While Earthtronics had provided estimates of annual generation for the previous models, there is now more information posted on their web site than before.
There are no units in use. One turbine has been “tested” in a wind tunnel. Thus, all claims about the product are projecture.
Those who have followed the debate about performance measurements of small turbines realize that testing in a wind tunnel is not testing at all. Wind tunnel “tests” are useful only for design not for estimating the performance of the wind turbine in the field.
Though no turbines have been tested in the field, Earthronics has hired a public relations company.
The WT 6500 is 6 feet in diameter. The 1.8 m diameter rotor sweeps 2.6 m² of the wind stream. Using the standard power rating, a turbine of this size should be rated at 500 W.
Earthtronics web site depicts mounting the wind turbine on the roof and this theme is repeated throughout the product literature. Mounting a wind turbine on a roof is never a good idea. For why, see Rooftop & Urban Wind.
It is not apparent from the web site that the Honeywell Windtronics turbine has any form of aerodynamic overspeed protection. Details on the web site are sketchy at best. The web site asserts that a “smart box” will stop the turbine in high winds. How it does so and what happens if it fails is not explained.
Earthronics claims that the turbine is more bird friendly than conventional wind turbines. This is unlikely. Of course, since no turbines have been installed the claim can’t be proven or refuted. For general commentary on claims such as this see Fantasy Wind Turbines and look for the comments about birds.
Wind Power Classes
Earthronics now provides estimates of annual energy production based on Battelle PNL’s wind power classes 3 and 4.
Wind Power Classes represent a range of wind power densities at various hub heights. Battelle provides three heights: 10 m (33 feet), 30 m (~100 feet), and 50 m (~160 feet).
Battelle’s Class 3 represents wind power densities from 150 to 200 W/m² or approximately average annual wind speeds from 5.0 to 5.5 m/s at 10 m hub height. The 10 m hub height is approximately that of the rooftop mounting shown on Earthtronics web site.
Battelle’s Class 4 represents wind power densities from 200 to 250 W/m² or ~average annual wind speeds of 5.5 to 6.0 m/s at 10 m.
At the height where any wind turbine of this size should be used, 30 m, the wind speed in Battelle Class 3 increases to 5.9-6.5 m/s and in Class 4 to 6.5 to 7 m/s.
Annual Energy Estimates
Let’s give Earthronics the benefit of the doubt and pick the higher value. For rooftop heights of 10 m, the turbine will see 5.5 m/s in a Class 3 and at it see 6.0 m/s in a Class 4.
At a height of 30 m, the turbine will see 6.5 m/s in a Class 3 and 7.0 m/s in a Class 4.

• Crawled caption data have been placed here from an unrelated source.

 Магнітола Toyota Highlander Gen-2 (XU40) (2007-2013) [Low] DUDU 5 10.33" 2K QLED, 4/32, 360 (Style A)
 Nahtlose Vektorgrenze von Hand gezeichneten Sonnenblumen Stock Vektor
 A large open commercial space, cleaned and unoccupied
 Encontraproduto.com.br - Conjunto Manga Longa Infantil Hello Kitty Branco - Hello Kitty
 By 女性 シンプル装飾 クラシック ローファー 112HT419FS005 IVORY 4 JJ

Based on the performance of wind turbines of similar size, we can estimate how much the WT 6500 can generate under good conditions.
At 10 m (rooftop)
At rooftop heights the turbine may produce 850 kWh/yr in a Class 3 and 1,050 kWh/yr in a Class 4 wind resource. Earthronics claims that the turbine will produce 2,000 to 2,500 kWh/yr respectively. Earthronics claims exceed likely generation by 2.4 times.
Note that though these estimates are at rooftop heights, they are not estimates of generation on rooftops. All turbines on rooftops have performed substantially below estimates.

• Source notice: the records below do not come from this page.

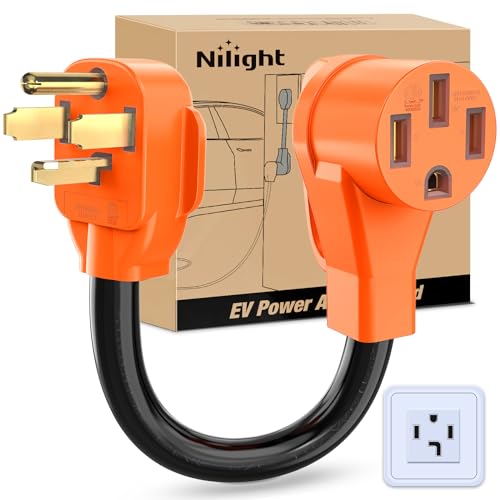 Image of Nilight EV Adapter Cord 30 Amp to 50 Amp 4 Prong Pure Copper New Dryer Outlet to EV Plug Conversion Heavy Duty 10 Gauge Wire Nema 14-30P to 14-50R 30M /50F for Level 2 EVs Using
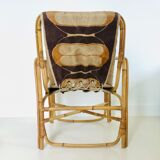 Rattan armchair and fabric, France 60s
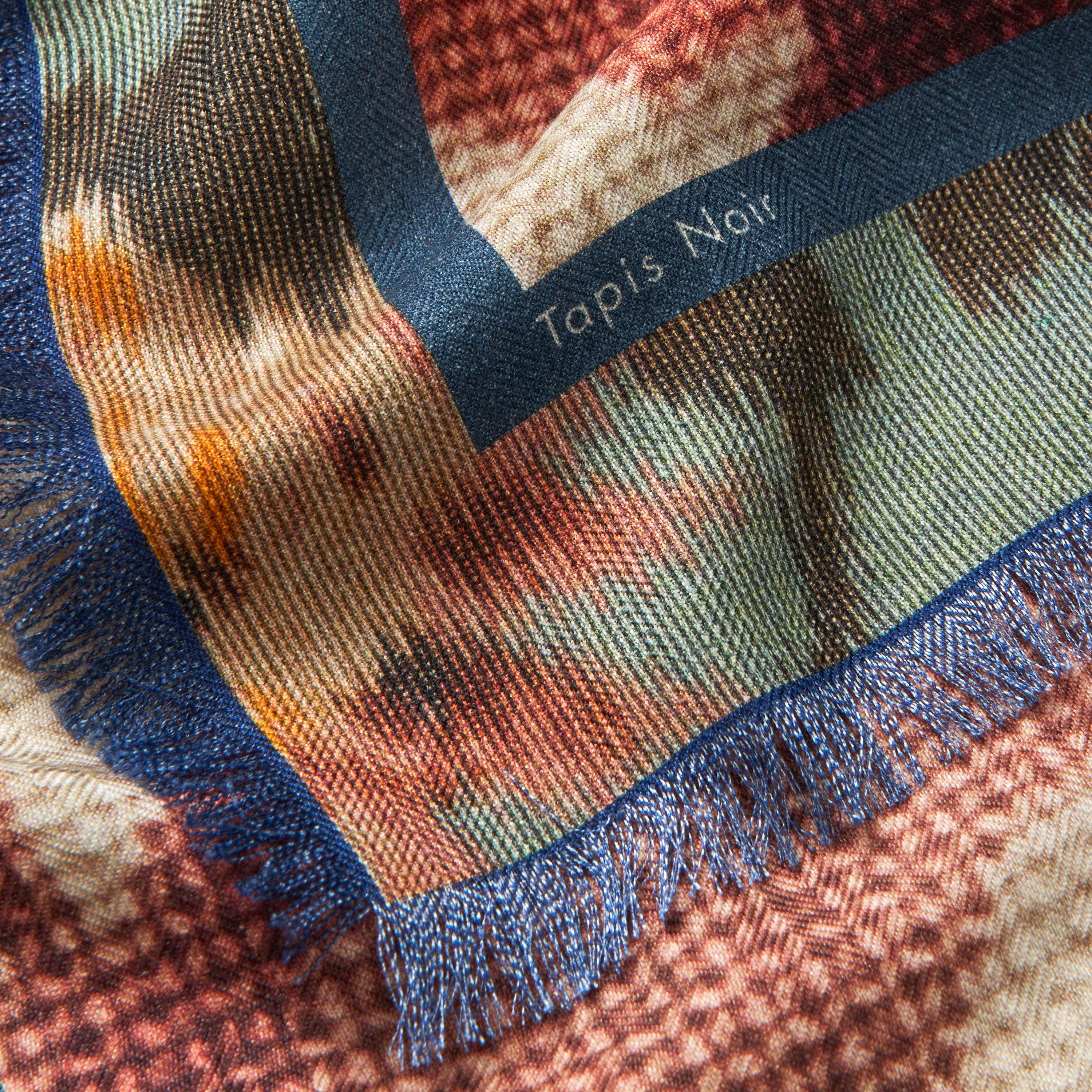 Tapis Noir Uld Lille Goldie Tørklæde Wool Small Mørkeblå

However, Earthtronics wisely does not say at exactly what height the wind turbine will generate the estimated amount of electricity.
At 30 m (tall tower)
At 30 m heights the turbine may produce 1,300 to 1,600 kWh/yr in a Class 3 and Class 4 resource respectively. Thus, if the turbine was installed on a tall tower, Earthtronics claims exceed likely generation by only 1.5 to 1.6 times.

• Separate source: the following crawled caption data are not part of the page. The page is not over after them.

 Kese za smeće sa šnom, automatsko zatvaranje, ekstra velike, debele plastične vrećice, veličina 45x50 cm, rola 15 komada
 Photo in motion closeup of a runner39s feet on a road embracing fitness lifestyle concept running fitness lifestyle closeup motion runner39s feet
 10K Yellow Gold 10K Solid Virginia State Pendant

As performance claims for small turbines go, these are not outlandish. They may never be achieved but they won’t be achieved by a much smaller amount than many other “new, never seen before” inventions.
The power curve doesn’t look realistic because it begins at zero and charges toward infinity. Nor is the uses of odd terms such as “plate power” mean anything to cognoscenti.
Nevertheless, we can pick one point off the power curve and its table to see if the estimate is realistic.
At 11.5 m/s, the power curve says that the WT 6500 will reach 1,000 W. Let’s call this the rated power. The performance at rated power is about 41 percent. This is high, but not outlandishly so. The rotor loading at rated power of 1 kW is 381 W/m² which again is high, about that of the old Air 403, but not outlandishly so.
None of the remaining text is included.